1994年。梅澤梨花(宮沢りえ)は、子どもには恵まれなかったものの夫(田辺誠一)と穏やかな日々を送り、契約社員として働く「わかば銀行」でも、丁寧な仕事ぶりで上司の井上(近藤芳正)から高い評価を得ていた。裕福な独居老人の平林(石橋蓮司)も、梨花の丁寧な仕事に信頼を寄せている顧客のひとりだ。厳格なベテラン事務員の隅(小林聡美)、まだ若くちゃっかり者の窓口係・相川(大島優子)ら、支店では様々な女性たちが働いている。一見、何不自由のない生活を送っている梨花だが、自分への関心が薄く、鈍感なところのある夫との間には空虚感が漂い始めていた。ある夜、梨花は平林の家で一度顔を合わせた、孫の光太(池松壮亮)と再会し、何かに導かれるように、大学生である彼との逢瀬を重ねるようになる。外回りの帰り道にふと立ち寄った、ショッピングセンターの化粧品売り場。支払い時にカードもなく、現金が足りないことに気づいた梨花が手を付けたのは、顧客からの預かり金の内の1万円。銀行に戻る前に、すぐに自分の銀行口座から1万円を引き出して袋の中に戻したが、これがすべての始まりだった。学費のために借金をしているという光太に、「顧客からの定期の申し込みがキャンセルになった」という方法で手に入れた200万を渡す梨花。顧客から預かった300万を自分の通帳に入れ、やがて自宅で定期預金証書や支店印のコピーを偽造するなど、横領する額は日増しにエスカレートしていく。上海に赴任する夫には付いて行かず、光太と一緒に高級ホテルやマンションで過ごす時間は贅沢になり、梨花の感覚と日常が少しずつ歪み、暴走をし始める。少額ずつではあるが梨花に返済していた光太の行動にも変化が現れ、大学を辞めたことを告げられた頃、事務員の隅が、銀行内で不自然な書類の不備が続いていることを不審に感じ始める。疑いの目を向けられ、追い詰められた梨花が取った行動とは?そしてその先に彼女が見たものとは…。
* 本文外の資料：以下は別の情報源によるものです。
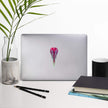 Holographic stickers - STYLISHOUR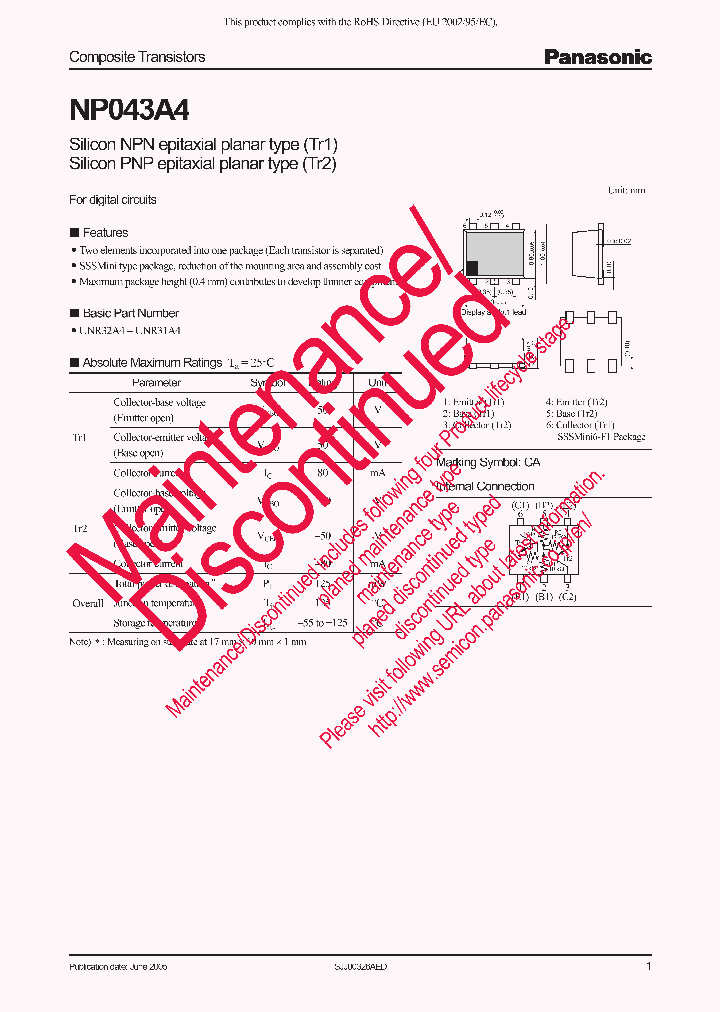 NP043A4_7704911.PDF Datasheet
そこそこ優しい夫(劇中で銀行窓口のOLが言う、分かりやすく愛されている)と平凡な日常を送ってきた主人公・梨花が契約社員として働く銀行で起こした巨額横領事件。ラスト近く…横領が発覚して窓ガラスを破って逃亡する主人公の姿に全身が熱くなり、気づけば涙が溢れていた。このシーンだけでも宮沢りえの演技(何テイクも撮ったため肉離れを起こしたそうだ)は、スタンディングオベーション級だと思う。賛美歌“あめのみつかい”をBGMに何度も後ろを振り向きながら走る宮沢りえのアップは実に崇高で、いつしか「止まるな!走れ!走って逃げきれ!」と声援を送っていた。これは阪本順治監督が手掛けた『顔』のラストで妹殺しで全国を逃げ回っていた藤山直美演じる中年女性が追っ手から逃れるために海に飛び込み必死で泳ぐ場面でも同じ感情が突き上げてきたのを思い出す。両作品ともバブル崩壊以降1990年代前半という時代背景であるのが象徴的だが、きっと様々な犯罪が成立しうる最後の時代だったのかも知れない。
まず何と言っても本作が映画初となる早船歌江子の脚色がイイ。主人公・梨花に焦点を当てて彼女の心境が変わり、次第に大胆になっていく過程が実に上手く描かれている。中でも彼女が初めて顧客から預かっている金に手を出した時の緊張感たるや…ヒッチコックの映画を観ているようだった、夫から必要ないと言われクレジットカードを持っていなかった彼女が、購入した化粧品の代金を支払おうとしたところ1万円が足りない。集金カバンには数十万円の現金が入っている…さぁ、どうする?カバンと彼女のアップが交互に映し出され、遂に手を伸ばした時、明らかに劇場に失望感混じりの溜息が漏れたのが面白かった。かくして、一度ルールを崩してしまった彼女は事あるごとに大胆な横領を繰り返していくのだが、銀行という特殊な空間で繰り広げられる金の流れとテンポ良い会話など緩急自在なスピード感は『桐島、部活やめるってよ』でも披露した吉田大八監督ならではの真骨頂で一瞬たりとも目を離す事が出来ない。特に、主人公の罪悪感を軽く刺激する映画オリジナルの若手銀行員を演じた大島優子が実に良かった。
さて、前述した主人公の逃走シーンの後にタイに逃げたその後が描かれるのだが、正直この後日談は無い方が良かったと思った。吉田監督は本作を作るにあたり、「爽やかに破滅していく女性の物語」という基本コンセプトがあったから、このラストも分からないではないが、映像とした場合、走りながら後ろを振り向く宮沢りえのアップで暗転・エンドクレジットの方が情緒的に終われたと思うのだが…。勿論、これは人それぞれ好みの問題である。話は変わるが、今年1月にNHKで放送された5話完結のドラマ版(原田知世主演)をまだ未見だったが、この機会に見たいと思う。
「受け取ったら多分、何かが変わっちゃうよ」「変わらないよ何も…たかが200万円だもの」横領したお金を渡す時に交わされる池松壮亮と宮沢りえのセリフ。